Erkauft werden die Erfolge bei diesen eher seltenen Krebsarten allerdings durch sehr hohe Behandlungskosten, da vor allem die neu entwickelten Medikamente extrem teuer sind. Und die gewaltige Nebenwirkungen können auch noch nach dem Krebs die Lebensqualität beeinträchtigen.

Leider hat sich die Entwicklung bei den am häufigsten vorkommenden Krebsarten wie Brustkrebs bei Frauen sowie Darm-, Lungen- und Prostatakrebs bei Männern nicht im gleichen Maße fortgesetzt. Obwohl die Chancen auf eine vollständige Genesung auch hier bei einer Früherkennung sehr hoch sind und sich die Überlebensquote bei fortgeschritteneren Erkrankungen stark erhöht hat, gebe es Erkrankungen, bei denen die Sterberate seit Jahrzehnten nahezu unverändert hoch ist. Als Beispiel nannte Simon den Bauchspeicheldrüsenkrebs.

Trotz der Erfolge der Schulmedizin herrsche seit Jahren ein Glaubenskrieg zwischen ihren Befürwortern und ihren Gegnern. Manch einer setze daher darauf, ausschließlich alternative Heilmethoden anzuwenden. Die meisten sehen diese mittlerweile aber als zusätzliche, die Krebsbekämpfung unterstützende Möglichkeit und erwarten sich außer einer direkten Wirkung auf den Tumor eine Milderung der Nebenwirkungen von Chemo- oder Strahlentherapie, schilderte Simon. Häufig nehmen Patienten Mistelpräparate ein, die durch ihre Lectine stimulierend auf das Immunsystem wirken können.
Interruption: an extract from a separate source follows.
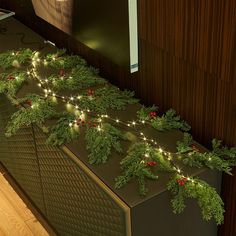 a christmas garland with lights on it is hanging from the side of a wooden wall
Auch Grüner Tee habe einen nachweislich positiven Einfluss bei einigen Krebsarten, und die Wirkstoffe der Ginsengwurzel könnten zur Besserung der manchmal auftretenden, extremen Müdigkeit (Fatigue) führen.

Vor so genannten Nahrungsergänzungsmitteln aber warnt Simon. Teils seien diese ohne nachgewiesene Wirkung, teils könnten hochdosierte Vitamine Metastasen sogar erst auslösen. Wer sich gesund ernährt, brauche in der Regel keine Vitaminpillen. Mit Vitaminen könne man sich vergiften, sagte Simon.

Bei der Vielfalt nicht biologischen Therapien aus der Alternativmedizin - beispielsweise Akupunktur, Heilhypnose oder Autogenes Training - sieht Simon den Vorteil in erster Linie in der Verbesserung der seelischen Gesundheit seiner Patienten. Auch dadurch können Krankheiten einen günstigeren Verlauf nehmen. Ein Hauptaugenmerk wird in diesem Zusammenhang seit wenigen Jahren auf die sportliche Betätigung von Krebskranken gelegt, da sich herausgestellt hat, dass Sport und Bewegung ein wichtiges Element sind, um eine Tumorerkrankung zu besiegen.

Für offen gebliebene Fragen stand Simon im Anschluss noch einige Zeit zur Verfügung.